Tag Archives: Moldova

The Price of Freedom

The novel “The Price of Freedom” by the French-speaking author Matéo Maximoff recounts the life of a group of Roma in Moldova in the first half of the 19th century, at a time when this ethnic group was still living as slaves in what is today Romania. As the title of the book already indicates, the struggle for the freedom of the Roma – as shown by the example of the characters in the novel – is the central theme of the book.

Young Istvan, the main character of the book, works as a clerk and librarian in the court of the rich landowner Andrei. He owes this position, which is unusual for a Rom, to the fact that Andrei, who is ruling his estate as a mostly benevolent patriarch, recognized the intelligence of the young Istvan early on and promoted him. Istvan grew up together with Andrei’s sons of about the same age and thus, compared to the situation of his family and the other Roma who work for Andrei, achieved a “privileged” position. This, however, has no legal effect on his status as a slave and personal property of the landowner; as a slave, he is always at the mercy of his owner. This special position isolates him both from his own community, where on the one hand he is respected but also viewed with suspicion, and also from the community of free people with which he lives on a daily basis.

Another outsider in this environment is Yon, who is not only the landlord’s energetic right-hand man, but also his illegitimate son – a secret that is known to Istvan. Yon’s competent and energetic work distinguishes him from the legitimate sons of the landowner. While the Roma fear him as the powerful and sometimes ruthless representative of Andrei – he can impose severe punishment at any time -, Yon knows very well that he can never achieve a position that would be in line with his great energy and ambition; this position will be reserved for Andrei’s legitimate sons. The two outsiders Istvan and Yon have an occasionally conflict-ridden relationship, but one that is also based on mutual respect. Since they have known each other since childhood, a strange friendship, characterized at the same time by rivalry, has developed over the course of time. The role that both have to play as outstanding representatives of their respective social groups is simply too contradictory to get along without the tensions that become more and more apparent as the book progresses.

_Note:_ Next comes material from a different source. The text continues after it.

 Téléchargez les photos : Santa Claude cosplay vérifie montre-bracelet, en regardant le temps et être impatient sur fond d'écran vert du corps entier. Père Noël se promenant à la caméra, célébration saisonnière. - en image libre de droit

Maximoff chooses a clever introduction to his story: the book starts with the big market day in springtime. During this occasion, slaves are also sold and bought. Yon buys a group of Roma, including Lena, a girl that he obviously intends to turn into his lover. To protect Lena from Yon’s stalking, Istvan, who got Andrei’s blessing for this, gets engaged to Lena – which not only annoys Yon very much, but also fills Istvan’s lover Rayka with great jealousy. She had hoped that her relationship with Istvan would lead to marriage and sees her prospects threatened. Rayka’s jealousy is at the beginning of a fateful and dramatic chain of actions that culminate in the flight of Istvan, his family and a few other Roma; an escape that is of course not simply accepted by Andrei and his people, who suspect that Istvan murdered one of Andrei’s sons.

During their flight, the Roma group around Istvan faces an outlawed group of Roma who live in the remote mountains and who have realized their dream of a free life without oppressors. After initial reluctance, they accept Istvan and his group because of his honesty, courage and cleverness and let them join their community.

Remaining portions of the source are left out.